I cannot produce example in Python which shows Boolean operator precedence rules combined with short circuit evaluation. I can show operator precedence using:
print(1 or 0 and 0) # Returns 1 because `or` is evaluated 2nd.
But the issue with short circuiting shows up when I change it to this:
def yay(): print('yay'); return True
def nay(): print('nay')
def nope(): print('nope')
print(yay() or nay() and nope()) # Prints "yay\nTrue"
For each of 4 possibilities when expression before or
is True
it is the only evaluated expression. If operator precedence works this should print "nay\nnope\nyay\nTrue"
or "nay\nyay\nTrue"
, with short circuiting, because and
should be evaluated 1st.
What comes to mind from this example is that Python reads boolean expression from left to right and ends it when result is known regardless of operator precedence.
Where is my error or what am I missing? Please give an example where it's visible that and
is evaluated 1st and it isn't due to code being interpreted from left to right.
You are confusing operator precedence and evaluation order.
The expression r = x or y and z
is not evaluated as tmp = y and z; r = x or tmp
, but just as r = x or (y and z)
. This expression is evaluated from left to right, and if the result of the or
is already decided, then (y and z)
will not be evaluated at all.
Note that it would be different if or
and and
were functions; in this case, the parameters of the functions would be evaluated before the function itself is called. Hence, operator.or_(yay(), operator.and_(nay(), nope()))
prints yay
, nay
and nope
i.e. it prints all three, but still in order from left to right.
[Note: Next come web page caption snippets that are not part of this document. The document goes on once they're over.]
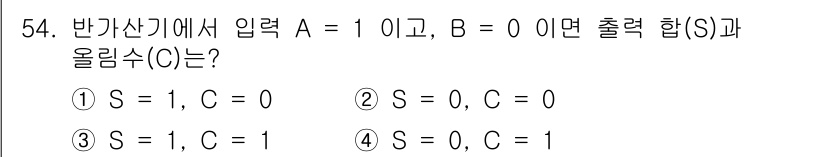 임베디드기능사 2016년 54번 - 주어진 조건에서 입력 A가 1, B가 0일 때 반가산기의 출력 합(S)과... 에 관한 핵심 기출문제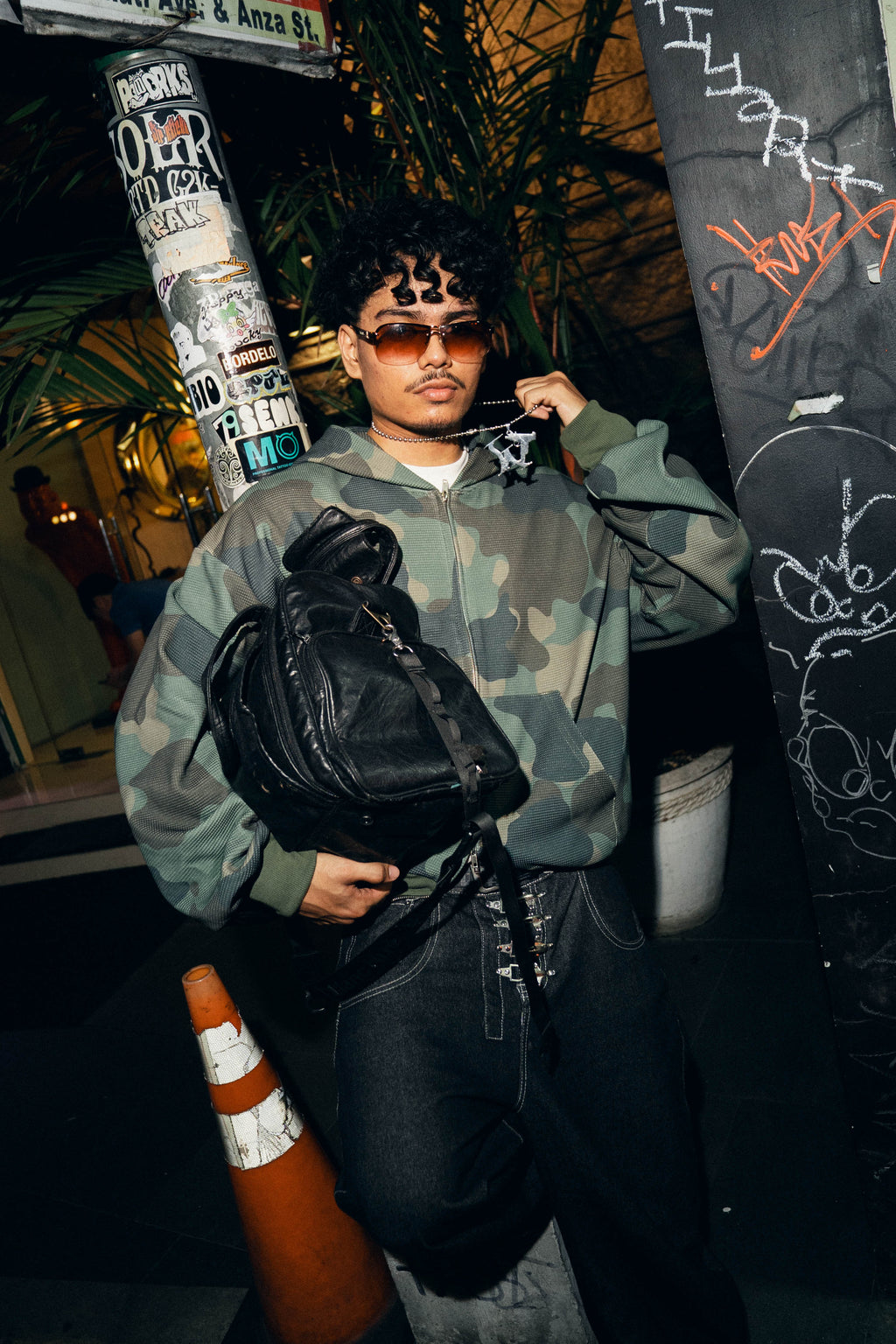 Green Waffle Camo Double Zip Hoodie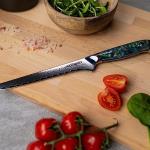 Awabi Damascus Chef Knife Set with Abalone Handles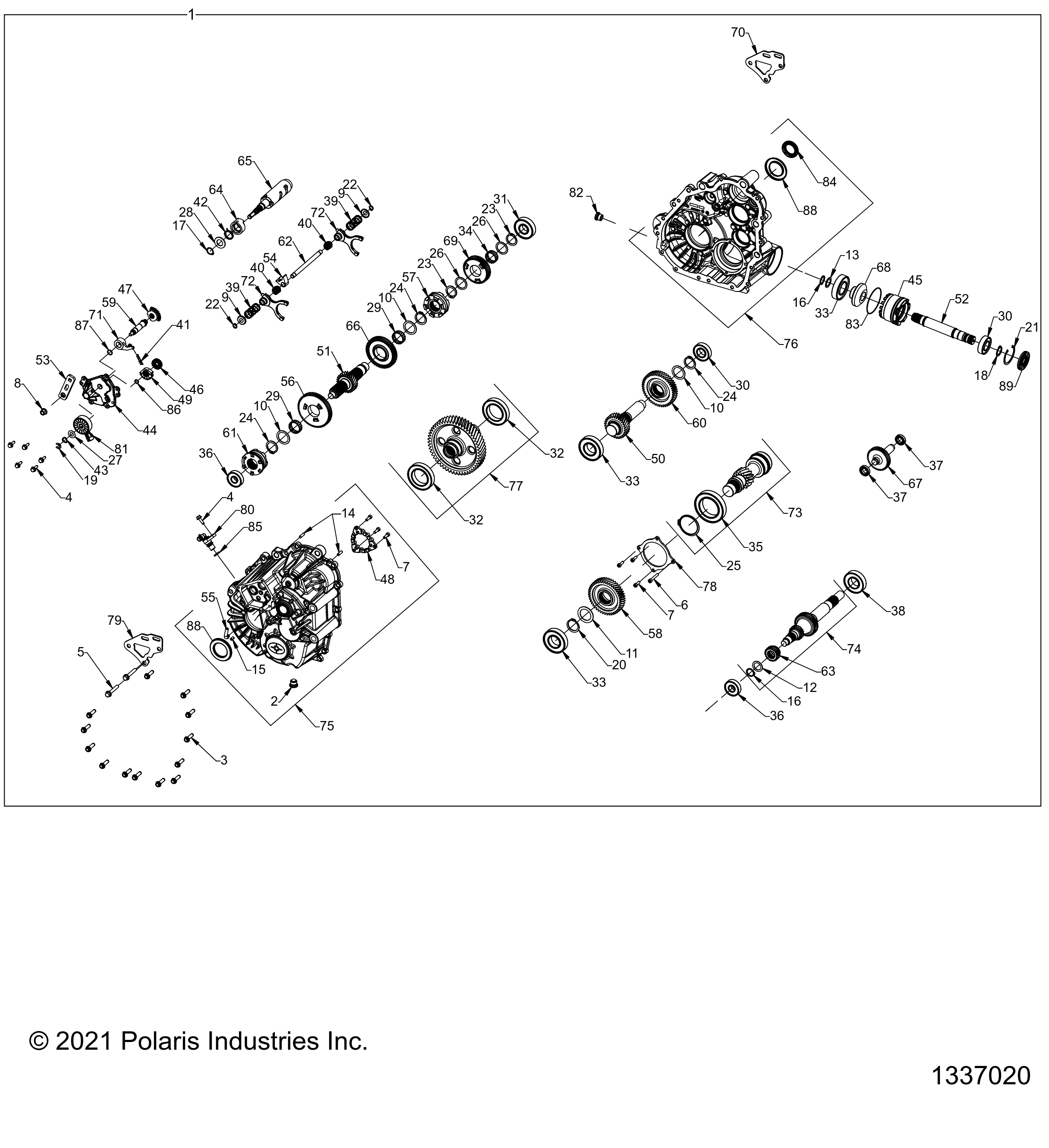 DRIVE TRAIN, MAIN GEARCASE INTERNALS - R22RSB99AZ/BZ (1337020)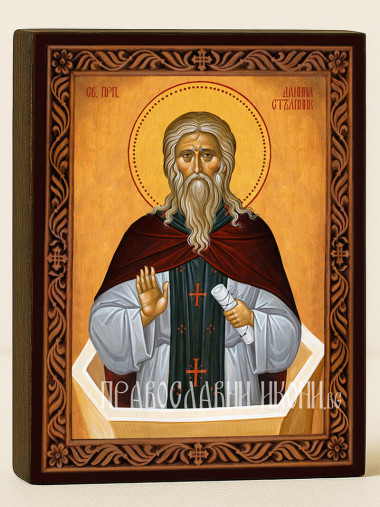 Икона на Св. Даниил Стълпник с охрен фон и декоративна рамка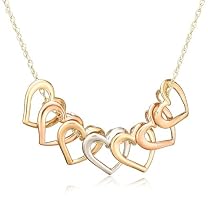 \#8 10k Tri-Tone Gold Open Hearts Necklace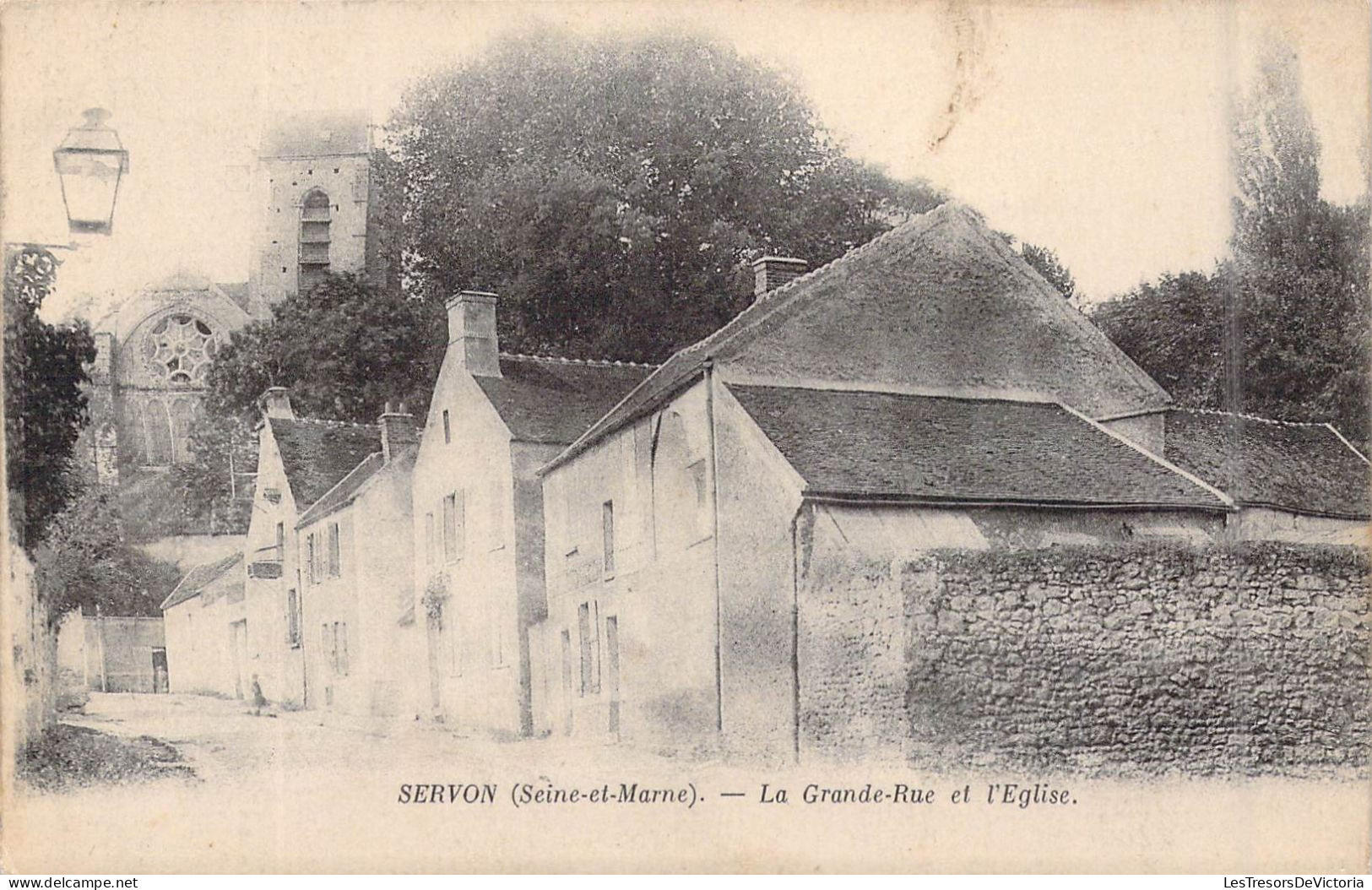 FRANCE - 77 - Servon - La Grande-Rue Et L'Eglise  - Carte Postale Ancienne - Sonstige & Ohne Zuordnung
You can generalize this to other operators, too. The following two expressions will yield different results due to the different operator precedence (both implicit and explicit by using (...)
), but the functions are called from left to right both times.
>>> def f(x): print(x); return x
>>> f(1) + f(2) * f(3) / f(4) ** f(5) - f(6) # 1 2 3 4 5 6 -> -4.99
>>> (f(1) + f(2)) * (((f(3) / f(4)) ** f(5)) - f(6)) # 1 2 3 4 5 6 -> -17.29
As pointed out in comments, while the terms in between operations are evaluated from left to right, the actual operations are evaluated according to their precedence.
class F:
def __init__(self,x): self.x = x
def __add__(self, other): print(f"add({self},{other})"); return F(self.x+other.x)
def __mul__(self, other): print(f"mul({self},{other})"); return F(self.x*other.x)
def __pow__(self, other): print(f"pow({self},{other})"); return F(self.x**other.x)
def __repr__(self): return str(self.x)
def f(x): print(x); return F(x)
This way, the expression f(1) + f(2) ** f(3) * f(4)
is evaluated as 1
, 2
, 3
, pow(2,3)
, 4
, mul(8,4)
, add(1,32)
, i.e. terms are evaluated left-to-right (and pushed on a stack) and expressions are evaluated as soon as their parameters are evaluated.